Your task:
From the listing below, output the lines between the one with "Unusual Quicksand Luminous" and the one with "One Thankful PE", including those two, and nothing else. Pictures are not copied.

----- Extracted information -----

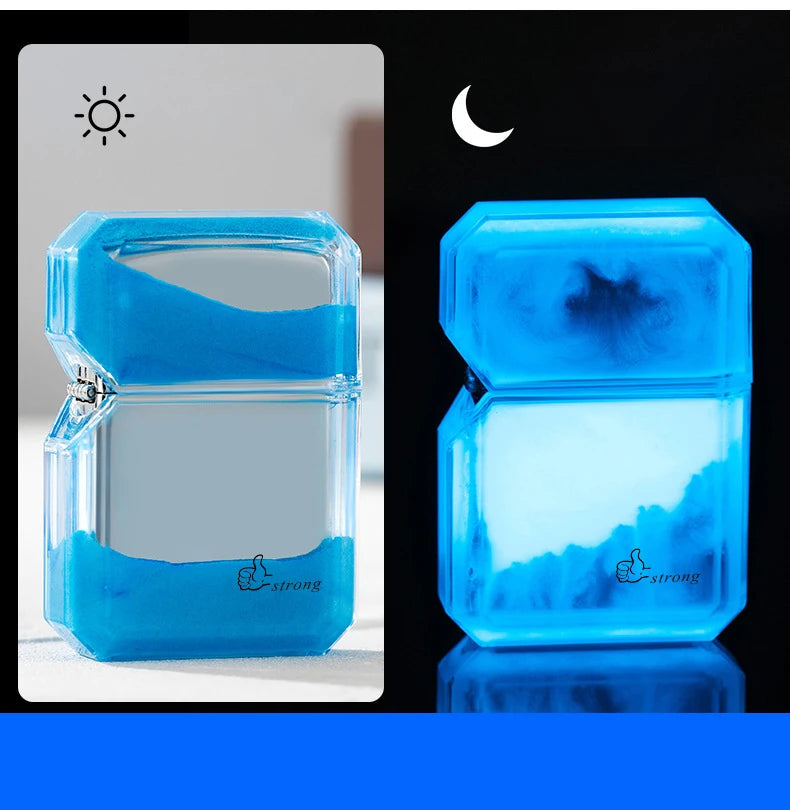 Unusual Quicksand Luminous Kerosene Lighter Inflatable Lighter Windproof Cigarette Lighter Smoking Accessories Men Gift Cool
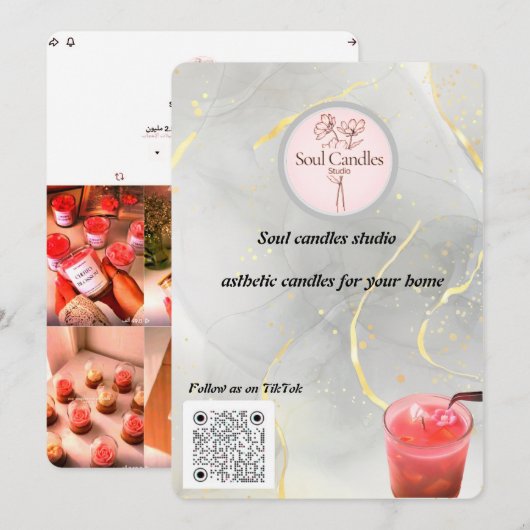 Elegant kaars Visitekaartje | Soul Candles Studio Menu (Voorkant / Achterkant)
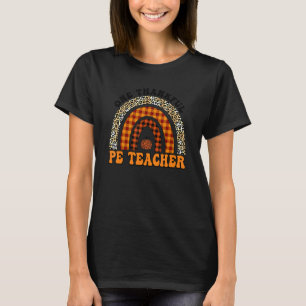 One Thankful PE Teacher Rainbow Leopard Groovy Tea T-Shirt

-----
----- Extracted information -----

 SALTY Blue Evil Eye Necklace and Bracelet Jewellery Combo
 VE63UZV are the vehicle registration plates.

-----

Your solution:
 Unusual Quicksand Luminous Kerosene Lighter Inflatable Lighter Windproof Cigarette Lighter Smoking Accessories Men Gift Cool
 Elegant kaars Visitekaartje | Soul Candles Studio Menu (Voorkant / Achterkant)
 One Thankful PE Teacher Rainbow Leopard Groovy Tea T-Shirt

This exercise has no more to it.